Menurut Ishak Daud, keputusan membebaskan Fery Santoro muncul setelah pihaknya yang diwakili penasihat hukum Alamsyah Hamdani berkoordinasi dengan Palang Merah Internasional ( ICRC). "Menurut ICRC, TNI sudah setuju untuk memperlancar proses pembebasan," ujar Ishak.
Menurut Ishak, awalnya pihak ICRC meminta agar pelepasan dilakukan pada Sabtu (8/5) karena bertepatan
dengan hari ulang tahun ICRC. Namun, permintaan itu ditolak karena waktunya terlalu mepet. "Akhirnya disepakati pembebasan dilakukan pada 13 Mei," ujarnya.
Dalam rencana pembebasan kali ini, kata dia, pihaknya tidak lagi meminta gencatan senjata maupun penarikan
pasukan TNI di sekitar lokasi pembebasan. Namun, Ishak Daud meminta TNI yang berada di sekitar lokasi
pembebasan untuk tidak melakukan operasi maupun pergerakan militer selama dua hari.
Hari pertama, kata dia, akan dimanfaatkan untuk mengumpulkan para tahanan. Sedangkan hari kedua yakni
pada saat pembebasan. "Kami minta mereka tidak melanggar kesepakatan agar proses pembebasan berjalan
lancar," ujarnya.
Menurut Ishak, pembebasan direncakan akan dipusatkan di sekitar perusahan perkebunan PT Bumi Flora di
kawasan Idi Rayeuk, Aceh Timur. Di sekitar tempat itu, kata dia, ada sekitar 50 pos TNI.
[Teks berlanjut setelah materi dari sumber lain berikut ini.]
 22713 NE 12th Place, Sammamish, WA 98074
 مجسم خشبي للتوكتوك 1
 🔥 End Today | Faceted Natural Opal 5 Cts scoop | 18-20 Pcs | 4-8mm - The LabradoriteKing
Selain Ferry Santoro, kata dia, pihaknya juga akan membebaskan 100 dari sekitar 200 sandera yang masih
ditahan bersama GAM. "Kami kesulitan untuk membebaskan semuanya karena posisi mereka terpencar di beberapa titik," kata Ishak. Ishak meminta acara pembebasan diliput wartawan.
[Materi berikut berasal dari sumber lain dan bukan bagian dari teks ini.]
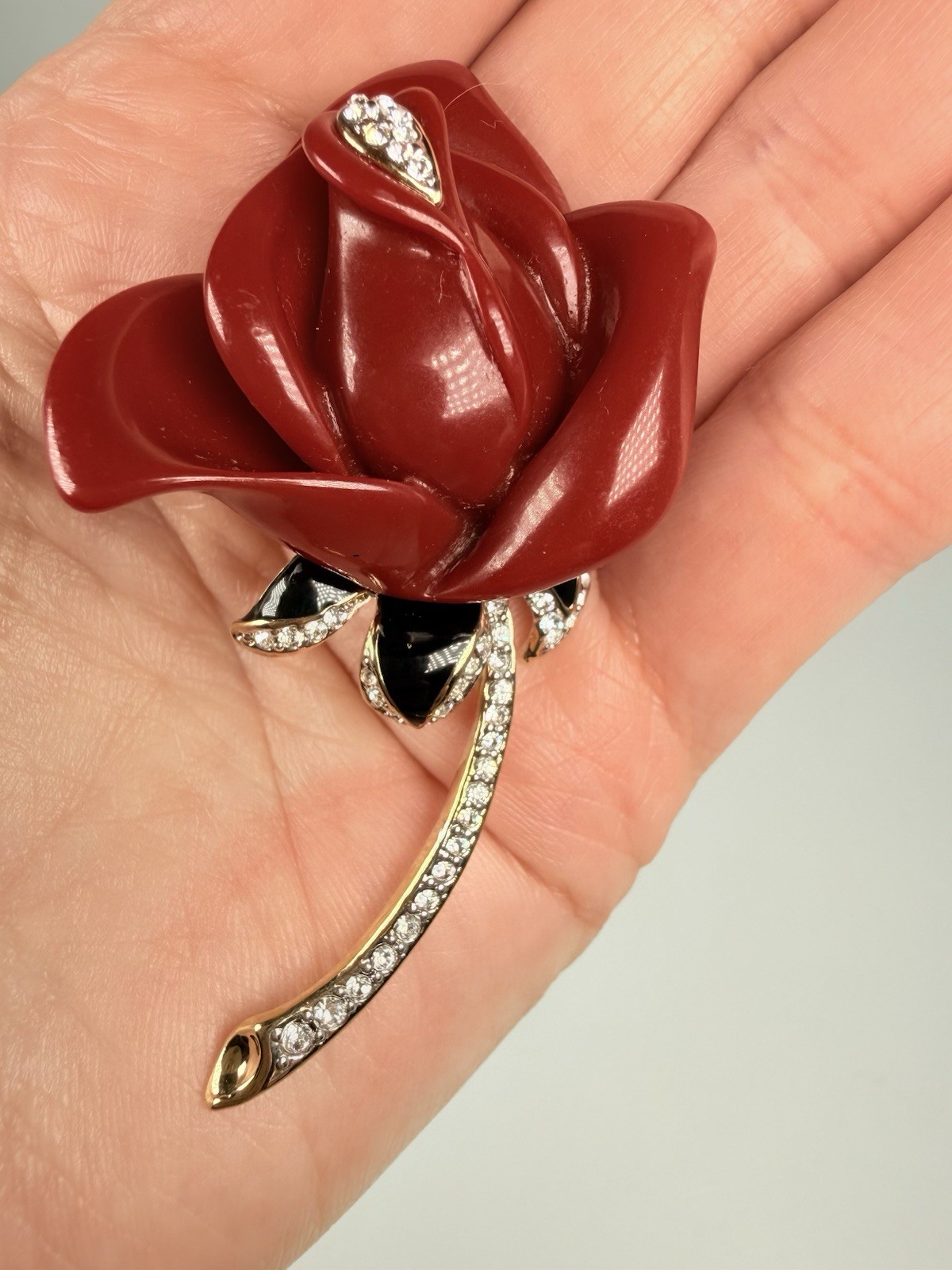 Kenneth Jay Lane KJL ICONIC Red Rose Art Deco Crystal Pin & Pierced Earrings Set
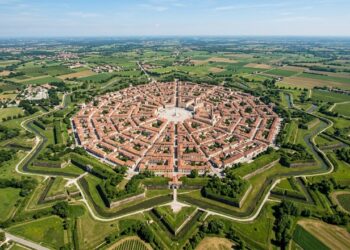 Vista do alto, uma cidade planejada da Itália se revela uma estrela perfeita com nove pontas e ruas que partem de um único centro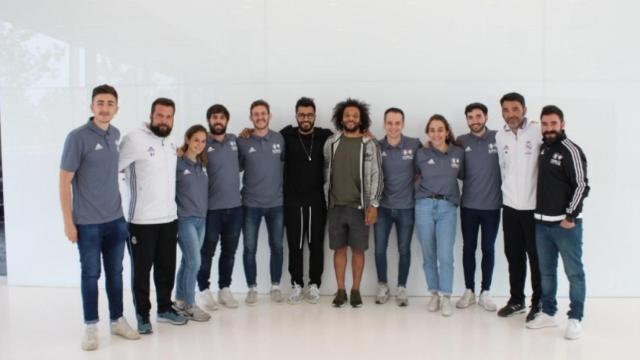 Marcelo posa con los voluntarios de su campus. Foto: Twitter (@fun_realmadrid).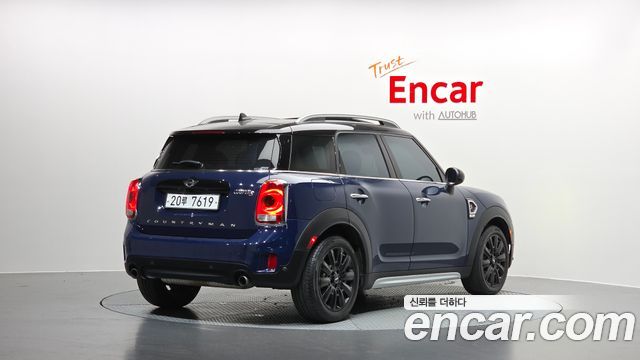 Mini Countryman 2018 — photo 2
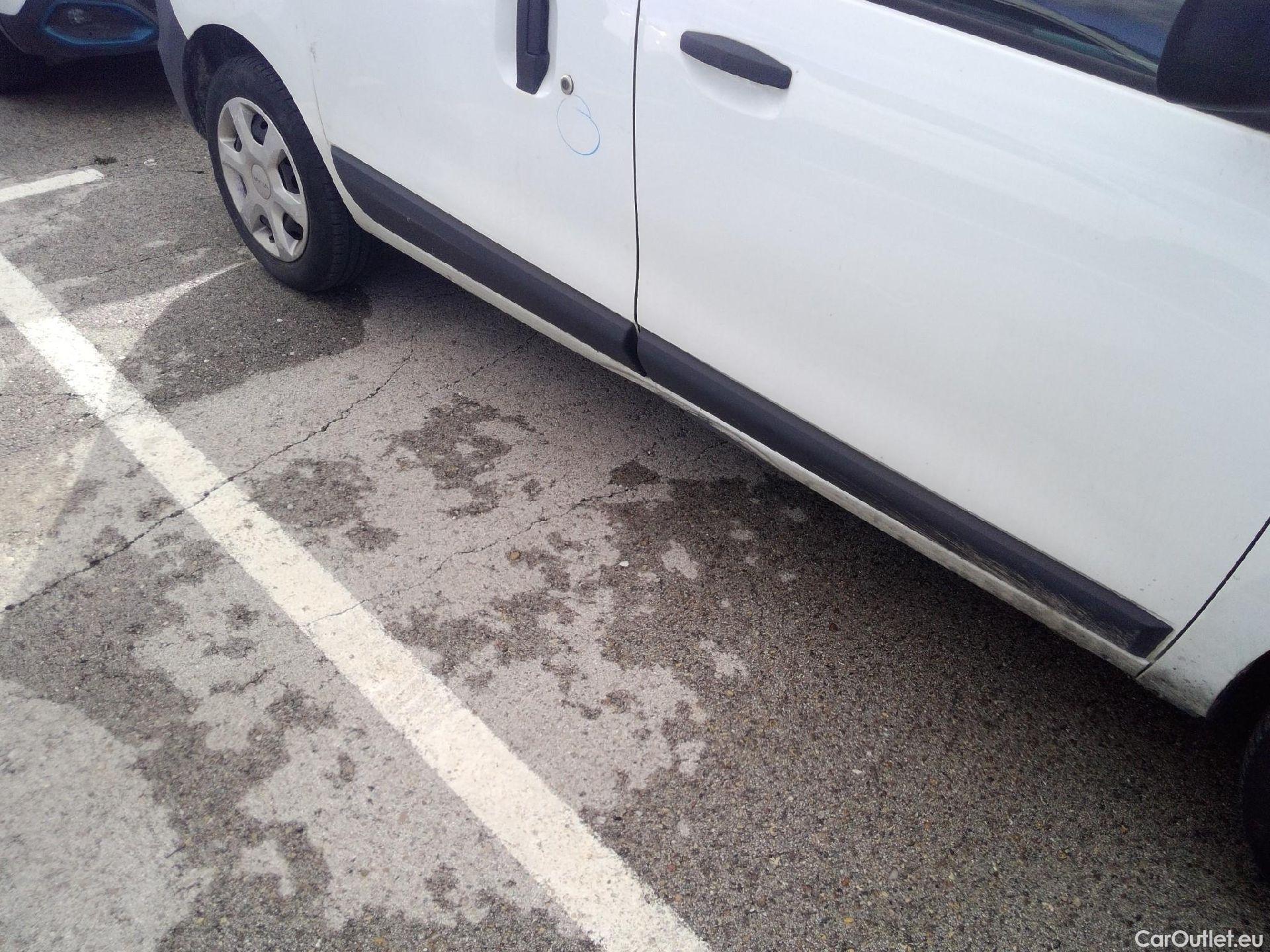  Dacia  Dokker DACIA  / 2013 / 4P / furgón derivado de turismo Van Essential 1.6 80kW (110CV) ECO-G #33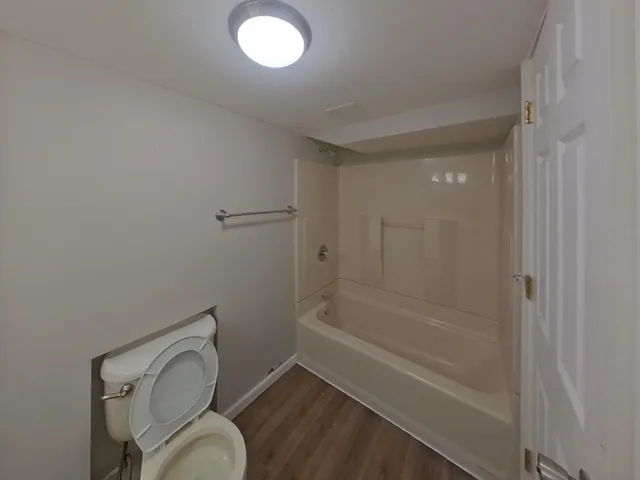 $2,499 | 2931 Woodbridge Street, Roseville, MN 55113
Ditanyai tentang kondisi Ferry Santoro, Ishak mengatakan dirinya sudah seminggu tidak bertemu Ferry
Santoro. Ketika bertemu seminggu lalu, kata dia, Ferry sempat terserang demam dan diare. "Biasalah, penyakit
orang di hutan. Saya pastikan Ferry dibebaskan asal tak ada pergerakan TNI," ujarnya.
Juru bicara Komando Operasi TNI Letkol CAJ Asep Sapari mengaku tak tahu soal rencana pembebasan tersebut. "Ah gombal itu. Ishak Daud saja kok dipercaya," ujarnya.
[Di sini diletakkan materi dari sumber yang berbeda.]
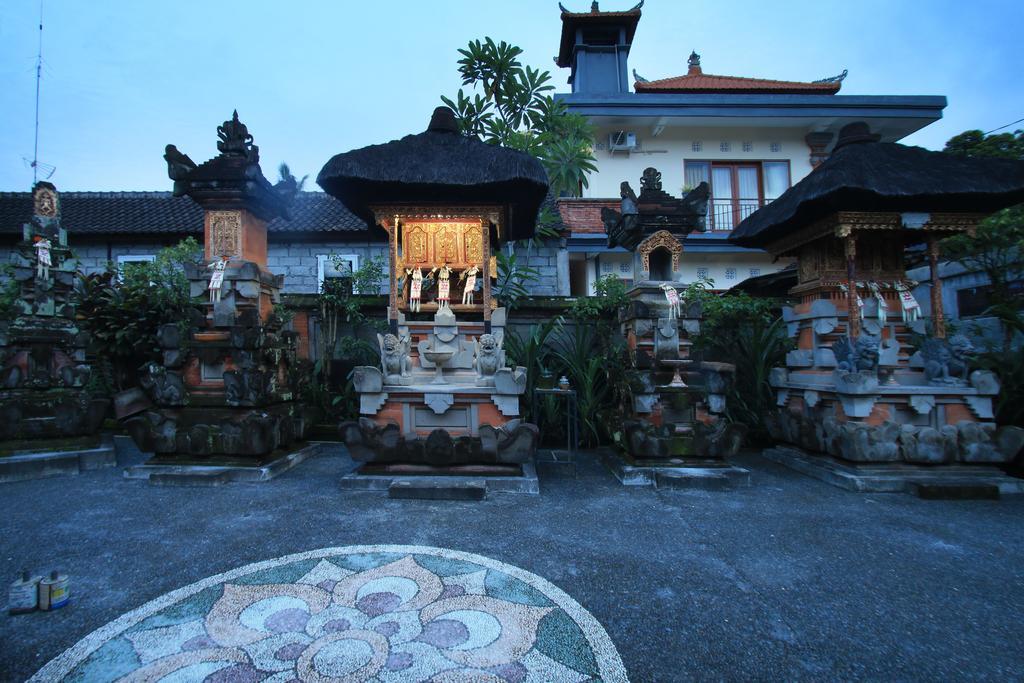 Loris Homestay Ubud Exterior foto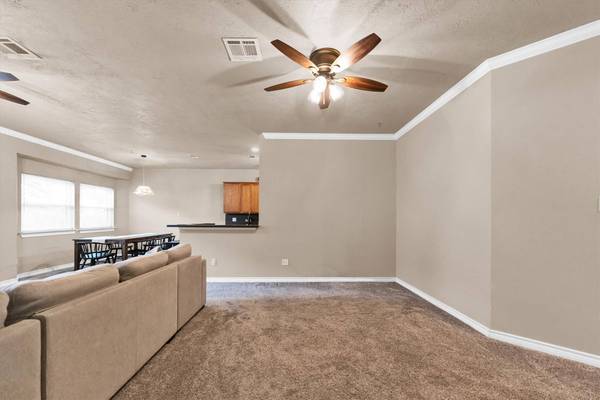 3003 Brook DR, Huntsville, TX 77340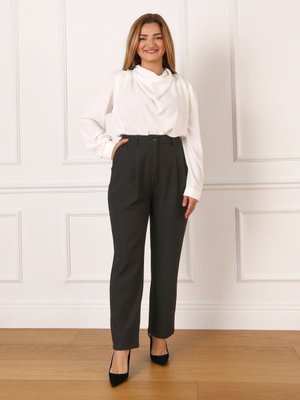 Siyah Pens Detaylı Büyük Beden Pantolon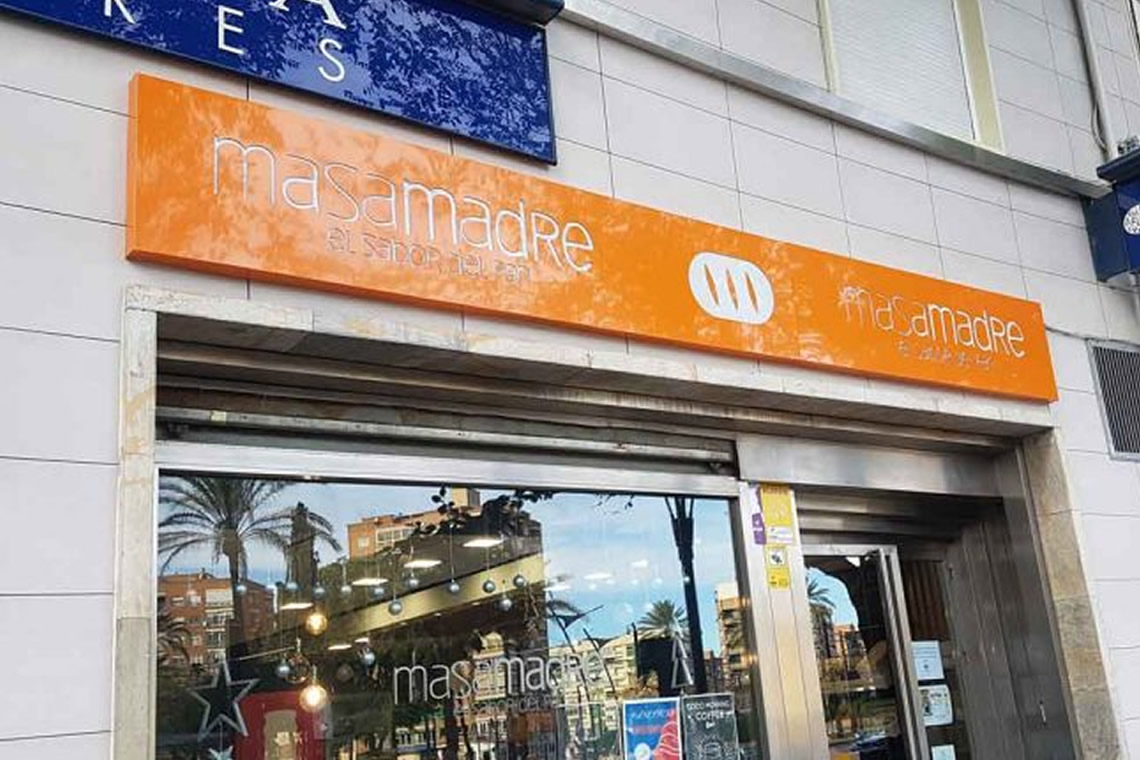 Rotulos en composite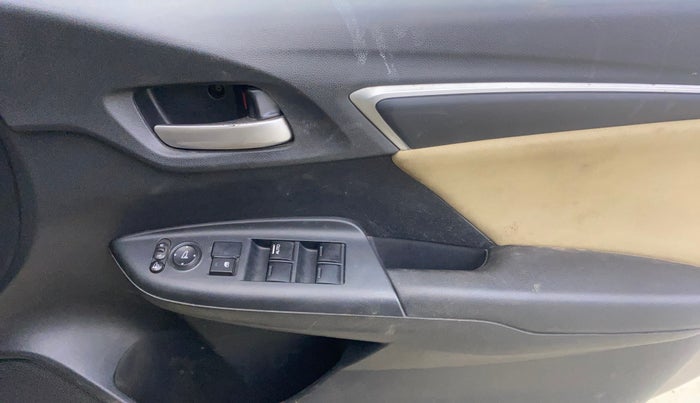 2016 Honda Jazz 1.2L I-VTEC V AT, Petrol, Automatic, 48,217 km, Driver Side Door Panels Control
Ferry ditahan GAM sejak 29 Juni 2003 bersama reporter RCTI, Ersa Siregar, Rahmatsyah (supir) dan dua istri
TNI yakni Farida dan Soraya. Ersa Siregar meninggal dalm peristiwa kontak senjata TNI dan GAM pada akhir
Desember lalu. Sedangkan Rahmatsyah, Farida dan Soraya, dapat meloloskan diri ketika pasukan GAM yang
mengawal mereka terlibat kontak senjata dengan pasukan TNI yang sedang patroli.
Negosiasi pembebasan Ferry sebenarnya telah pernah dilakukan pada Januari silam. Namun, rencana itu tak
terealisasi karena permintaan GAM untuk gencatan senjata tak dipenuhi.